### Data block
═══
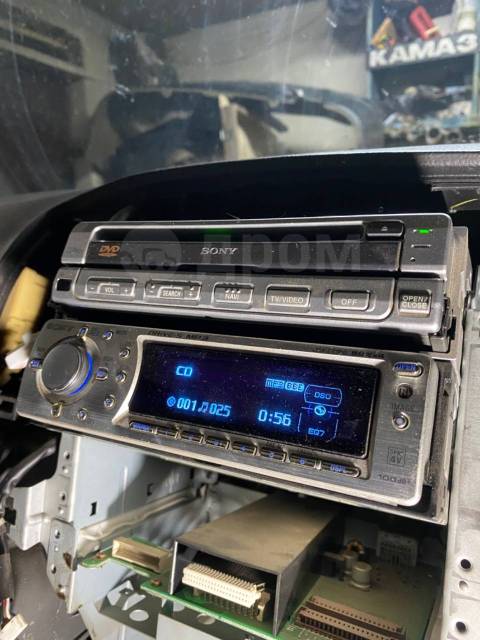 F 7700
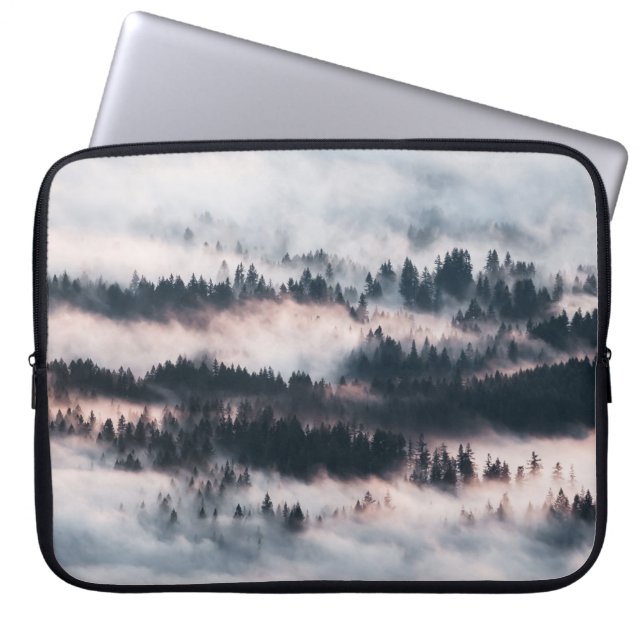 GRÄS TRÄD SOM OMFATTAS AV SNÖ LAPTOP FODRAL (Framsidan)
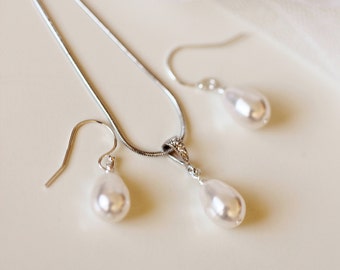 Classic Pearl Wedding Jewelry Set, Teardrop Pearl Earrings and Necklace Set, Pearl Bridesmaid Gift Set Minimalist Pearl Jewelry Set S102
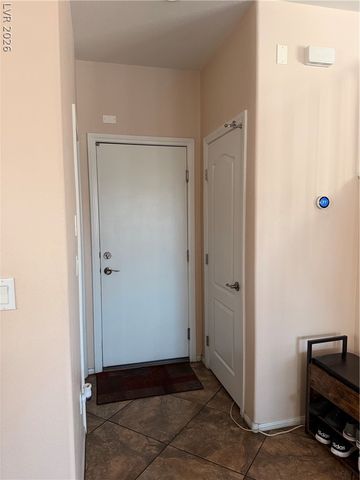 7427 Calzado Drive, Las Vegas, NV 89178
═══
### Task description
Reproduce the data above verbatim, minus any images.

### Your response
 F 7700
 GRÄS TRÄD SOM OMFATTAS AV SNÖ LAPTOP FODRAL (Framsidan)
 Classic Pearl Wedding Jewelry Set, Teardrop Pearl Earrings and Necklace Set, Pearl Bridesmaid Gift Set Minimalist Pearl Jewelry Set S102
 7427 Calzado Drive, Las Vegas, NV 89178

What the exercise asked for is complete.